TASK OBJECTIVE » Copy exactly, and only, the lines between the start of the entries below and the line containing "Fanier 100% 925", both inclusive. Omit pictures.

-- SUPPLIED DATA follows --

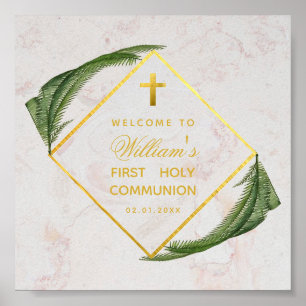 Poster First Communion Greenery Marble Gold Fern Welcome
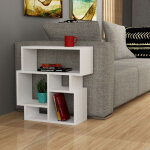 Decortie karma table d'appoint moderne � usages multiples blanc h60. 5 cm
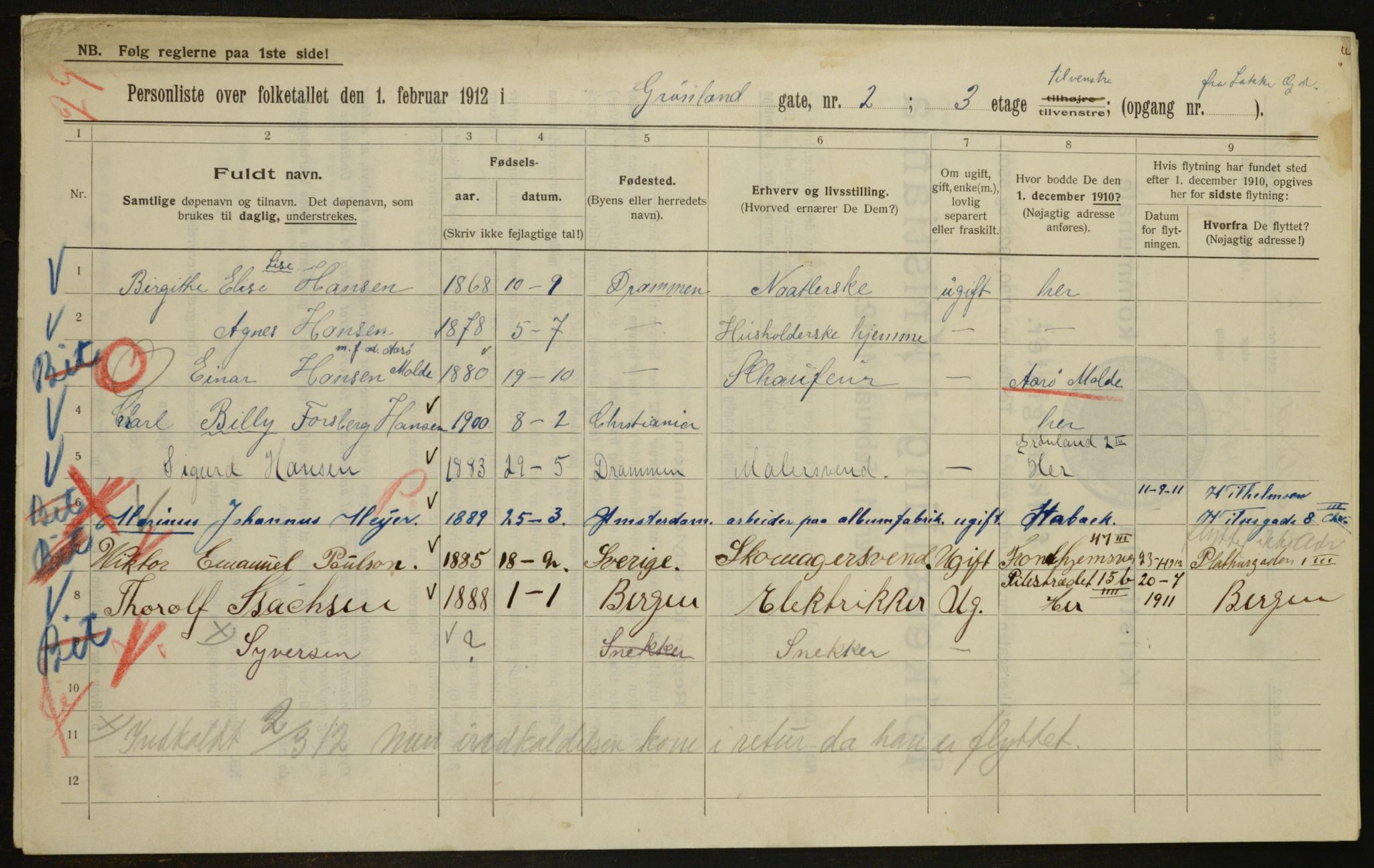 OBA, Municipal Census 1912 for Kristiania, 1912, p. 30991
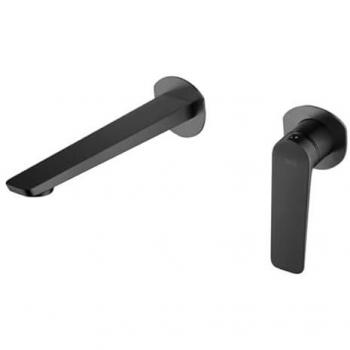 Grifo Empotrado Monomando de Lavabo Negro Mate con Montaje a la Pared - Grifería de Baño para Lavamanos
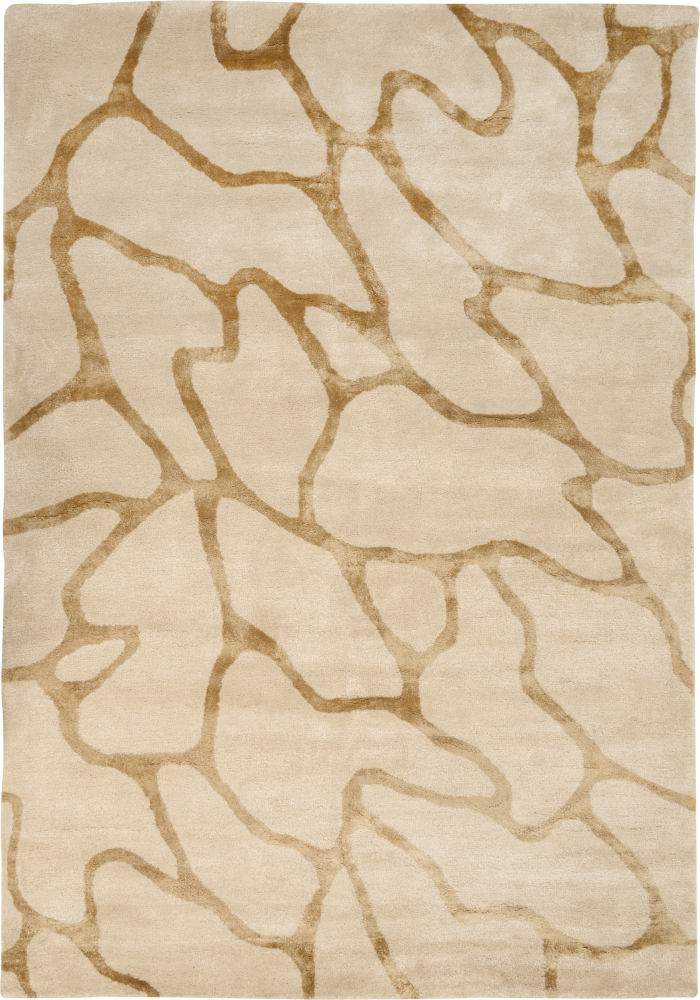 Teppich Viskose beige 160 x 230 cm geometrisches Muster Kurzflor MAKOLA Bild 1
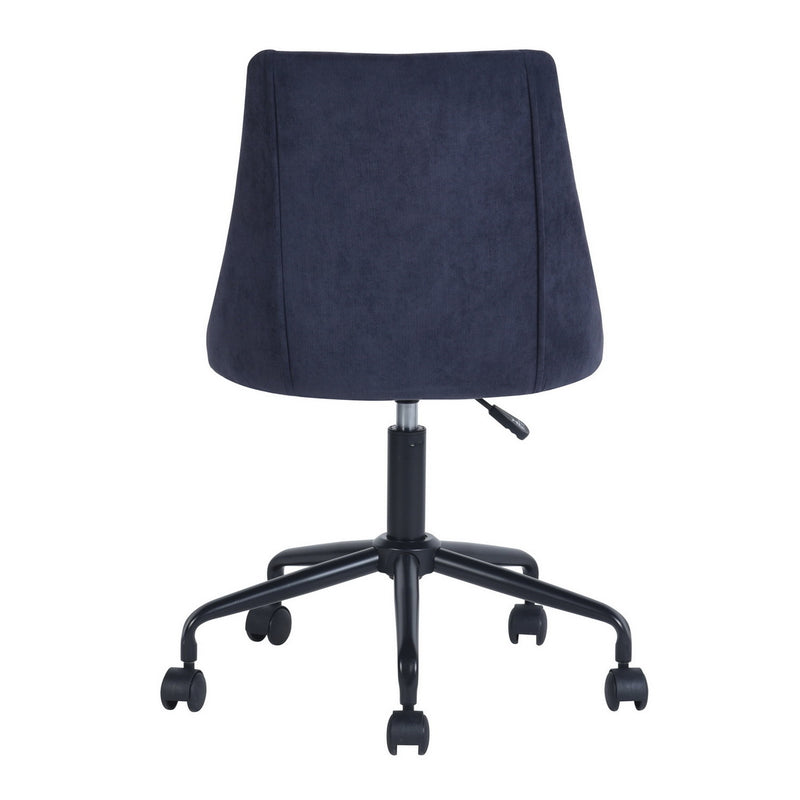 Skandinavischer Bürostuhl, höhenverstellbar, drehbar, mit Rollen aus blauem Stoff CIAN BLUE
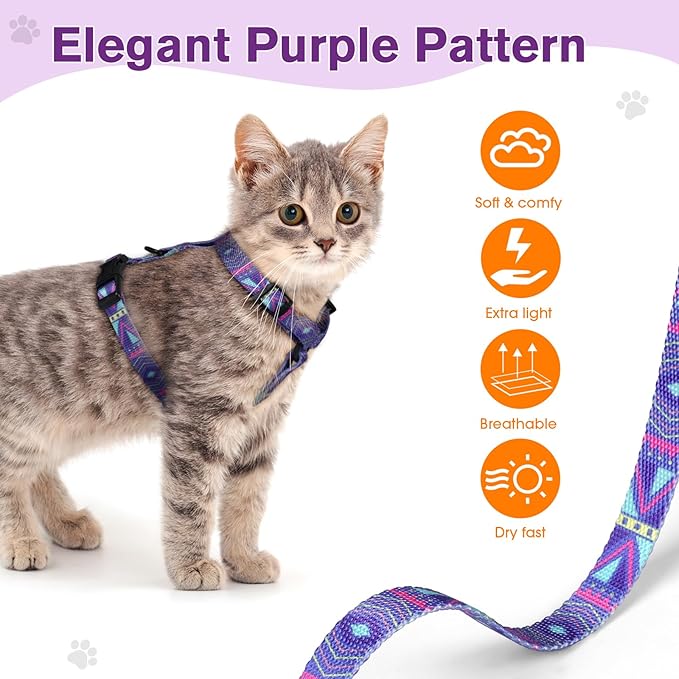 Cat Vest Harness and Leash Set with Airtag Holder, Adjustable Kitten Harness for Walking Escape Proof, Lightweight Soft and Comfortable Kitty Harness for Small Medium Large Cat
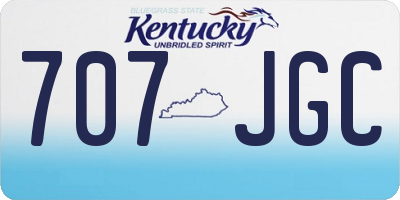 KY license plate 707JGC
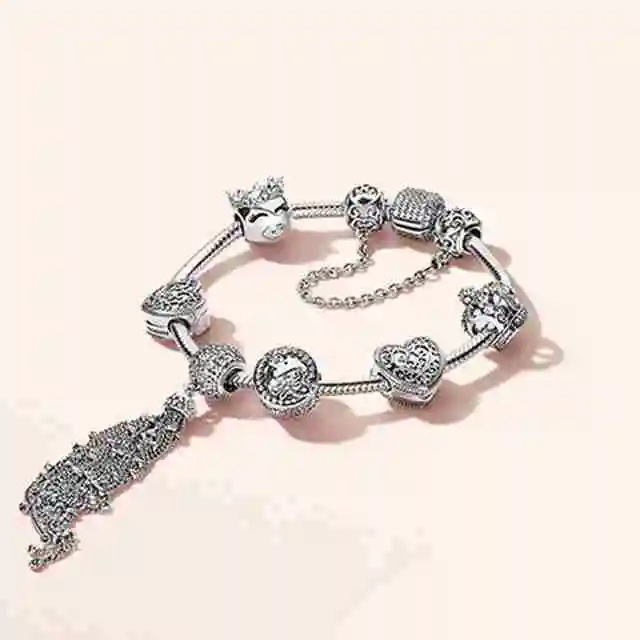 

Fanier 100% 925 Sterling Silver New 1:1 Genuine Princess Natural Magic Elegant Bracelet Lovers Charm Jewels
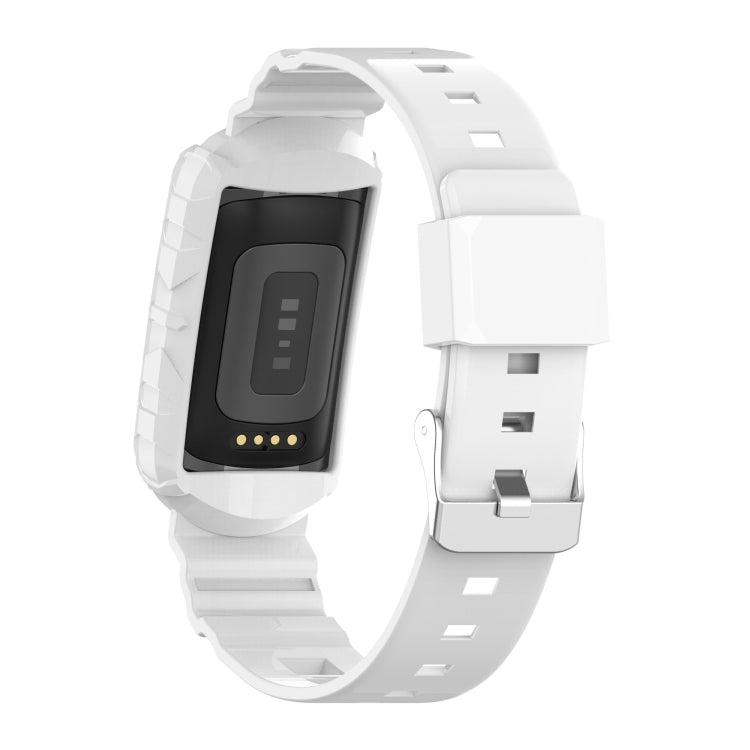 For Fitbit Charge 4 Silicone One Body Armor Watch Band(White) - Watch Bands by buy2fix | Online Shopping UK | buy2fix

-- SUPPLIED DATA concluded --

ANSWER TO THIS TASK »
 Poster First Communion Greenery Marble Gold Fern Welcome
 Decortie karma table d'appoint moderne � usages multiples blanc h60. 5 cm
 OBA, Municipal Census 1912 for Kristiania, 1912, p. 30991
 Grifo Empotrado Monomando de Lavabo Negro Mate con Montaje a la Pared - Grifería de Baño para Lavamanos
 Teppich Viskose beige 160 x 230 cm geometrisches Muster Kurzflor MAKOLA Bild 1
 Skandinavischer Bürostuhl, höhenverstellbar, drehbar, mit Rollen aus blauem Stoff CIAN BLUE
 Cat Vest Harness and Leash Set with Airtag Holder, Adjustable Kitten Harness for Walking Escape Proof, Lightweight Soft and Comfortable Kitty Harness for Small Medium Large Cat
 KY license plate 707JGC

Fanier 100% 925 Sterling Silver New 1:1 Genuine Princess Natural Magic Elegant Bracelet Lovers Charm Jewels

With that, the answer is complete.